In our new miniseries, Ivy’s Real Talk for Fake Life, comedy writer Ivy Johnson offers advice to some well-loved or much-hated characters.

Oh, ha ha, hi Ivy!

Oh boy, do I have a problem for you! Ha ha, you see, the thing is, gosh, I don’t even know where to begin. I s’pose as I get older, I become more interested in where I come from, ha! Minnie encouraged me to learn more about my father, Walt Disney, and oh my gosh, it sure opened a can of worms! Dad was no fan of the Jews, heh heh, oh boy. And now I’m worried. I always considered myself a friend to all! But have I inherited any of that white-hot anti-Semitism? Is this why I’ve always hated Mortimer Mouse?

All the best,
Mickey Mouse

Hi Mickey, 

I think it’s great that you’re asking these questions. Prejudice grows in people (and I guess in rodents and other animals?) who don’t examine their attitudes and beliefs. No matter where you come from, it’s good to keep questioning your values, and to make sure you’re always being your best self. Just because you come from an environment that has been racist, sexist or homophobic at times, it doesn’t mean that will be reflected in you. If we all had the same opinions as our parents, we’d still be eating aspic every day, listening to Bon Jovi, and using leeches to cure our headaches!

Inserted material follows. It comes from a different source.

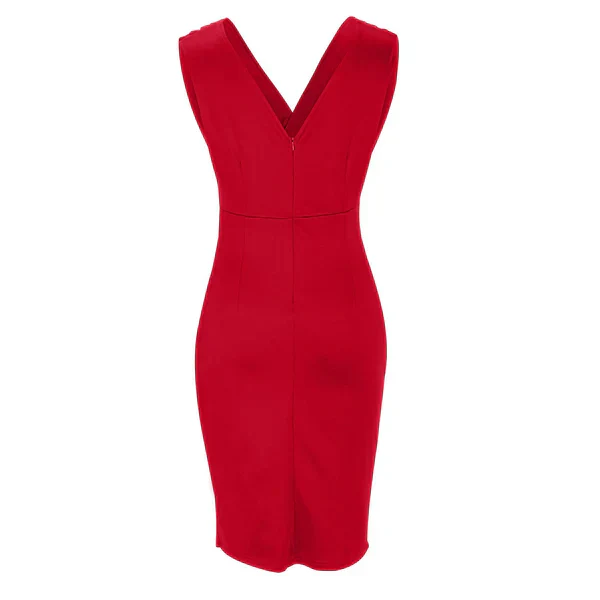Fresia | Robe cintrée avec décolleté en V et fente - Image 12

The day you discover that your parents have flaws is a tough one, but it also provides an opportunity to reflect. Do you live your life in a way that you would be proud to share with your own children someday? Try to imagine that you and your friends are constantly being watched by millions of small children over the world, and that they will mimic your words and behaviour. Act accordingly!

Also, for the record, and possible Jewish heritage aside, Mortimer Mouse is a jerk, and nobody likes him.

Ivy,

Firstly, I’d like to thank you for providing this valuable service to the Canadian people. Thoughtful discussion and public reflection are key tools for strengthening ourselves and our communities. As you know, I’m a feminist, so I’m also proud to see a young woman like yourself with the confidence and the resources to speak and be heard. This is what Canada is all about.

Now to get to the matter at hand. The fallout from “shove-gate” or “elbow-gate,” or whatever gate they’re calling it, has been predictably public, and of course I’m embarrassed by my behaviour. But as a Trudeau, I’m used to these sorts of mistakes playing out in the media and then getting forgotten. What I didn’t expect to feel, after I accidentally shoved those MPs, was the RUSH.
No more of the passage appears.